Comment 18•17 years ago
|
||
Two questions: 1) nsFixedSizeAllocator is not practical here because of the number of sizes involved? I'm not sure how that compares to framearena. 2) If we want to avoid adding a word to every node, could we get the allocator off the nodeinfo manager (which we can always reach from a node)? To handle adopted nodes, we could have a flag, and if it's set look for the allocator in slots (so adopting a node would in particular force slots creation). Not sure this is worth worrying about, but if we care...
Assignee | ||
Comment 19•17 years ago
|
||
About nsFixedSizeAllocator, that could be used yes, though the current implementation is slower, because the right sized bucked is search iteratively, framearena-style uses simple indexing (using more memory though) Getting the allocator from nodeinfomanager is possible yes, but since adding mAllocator made the implementation so simple, I did that.
Comment 20•17 years ago
|
||
> but since adding mAllocator made the implementation so simple, I did that.
Makes sense. I'm just saying that we should try doing it the other way too, and measure memory usage. For a first cut, you could not worry about adopted nodes (since typically there aren't any, right?).
Assignee | ||
Comment 21•17 years ago
|
||
Keeps the current nsINode size, but is uglier.
Assignee | ||
Comment 22•17 years ago
|
||
Hmm, there is nsNodeAllocator also in nsDTDUtils.cpp, and that disturbs log. For some reason I didn't see the problem in 64bit build, only on 32bit.
Assignee | ||
Comment 23•17 years ago
|
||
Attachment #291187 -
Attachment is obsolete: true
Assignee | ||
Comment 24•17 years ago
|
||
Attachment #291257 -
Attachment is obsolete: true
Assignee | ||
Comment 25•17 years ago
|
||
Comment on attachment 291288 [details] [diff] [review] Better naming for the allocator class, mAllocator in slots What do you think about this as a first step? As I said ELM and slots could be handled similarly, textfragments would need something else. This is uglier than having mAllocator in nsINode, but still pretty simple. Uses |operator delete| in a similar way as nsIFrames and doesn't increase the size of nsINode. Passes mochitest without crashing :)
Attachment #291288 -
Flags: review?(jonas)
Over in JS-land, we use careful page layout to let us find the GC flags associated with a given JSObject. If we use the same trick here (allocate page aligned where possible, revert to slight overallocation otherwise to ensure that we have appropriately-aligned bits -- our major platforms all support the mmap we need for page alignment, though) then we should be able to get from the nodes to their allocator in O(1) without adding to the size of each node. http://mxr.mozilla.org/mozilla/source/js/src/jsgc.c#114 is the novel, no word on casting for the movie.
This looks in general great. I especially like the idea of getting the allocator through the nodeinfo. However I think we should try to get the nsAttrAndChildArray buffer in there too.
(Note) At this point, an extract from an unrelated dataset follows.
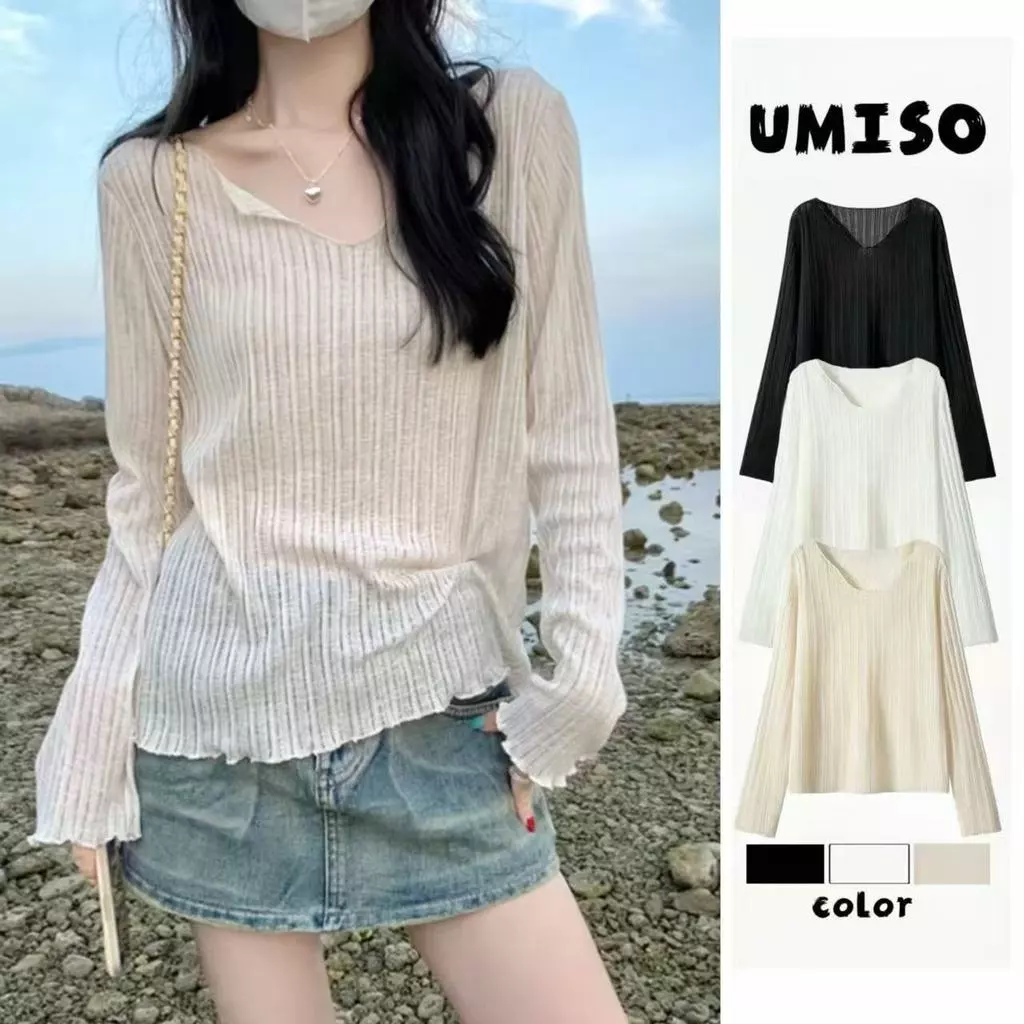 UMISO ส่งไวจากไทย 3สี เสื้อกันแดดผู้หญิง แขนยาว ทรงหลวม ใส่สบาย ผ้านุ่ม เหมาะกับหน้าร้อน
It's shown up pretty high in stats as a source of churning, which makes sense since it reallocs a lot. In doing that I really think that we want to not mess around with slots and instead stick the allocator in nsAttrAndChildArray. We probably should kill the realloc that lives in nsAttrAndChildArray, I don't think it's giving us anything at all really, we should just nuke it.
Assignee | ||
Comment 28•17 years ago
|
||
PLArena, as far as I see, isn't very useful to be used with variable sized nsAttrAndChildArray mBuffer. Same problem with textfragments. Though, perhaps adding size checks to nodeallocator could work quite well. If trying to allocate bigger chunk of memory than X, allocate it from heap, otherwise from arena. I'll try that one and when someone comes up with better arena implementation, domnodeallocator can be changed to use that.
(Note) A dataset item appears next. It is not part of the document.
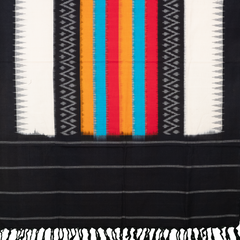 Jet Black & Pearl White Geometric Sambalpuri Single Ikat Cotton Dupatta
Most malloc allocations will likely implement realloc for the sizes that are common for the child-array buffer by simply allocating a new block and freeing the old. I.e. they will likely, for chunks this small, have separate areas for separate sized blocks. So I think we should simply allocate a new block in nsAttrAndChildArray::GrowBy, which should work fine with the current PLArena implementation.
Assignee | ||
Comment 30•17 years ago
|
||
(In reply to comment #29) > So I think we should simply allocate a new block in > nsAttrAndChildArray::GrowBy, which should work fine with the current PLArena > implementation. The allocation isn't problem, but if array gets resized many times, how to release the previously used memory to be used other arena users.
Comment 31•17 years ago
|
||
I'm a little concerned about using dumb pools of objects: don't most AJAXy pages go through lots of DOM nodes during their lifetime? Does this mean that all of those nodes would stay alive until the document was unloaded (which is "the end of time" for people with gmail permanently loaded in their browser)?
Assignee | ||
Comment 32•17 years ago
|
||
This doesn't change the lifetime of domnodes. It is the memory which isn't released until all the objects created using some allocator are released. But memory does get reused/recycled and most dom nodes have the same size (or there are few common node object sizes). Similar thing is already done with nsIFrame objets.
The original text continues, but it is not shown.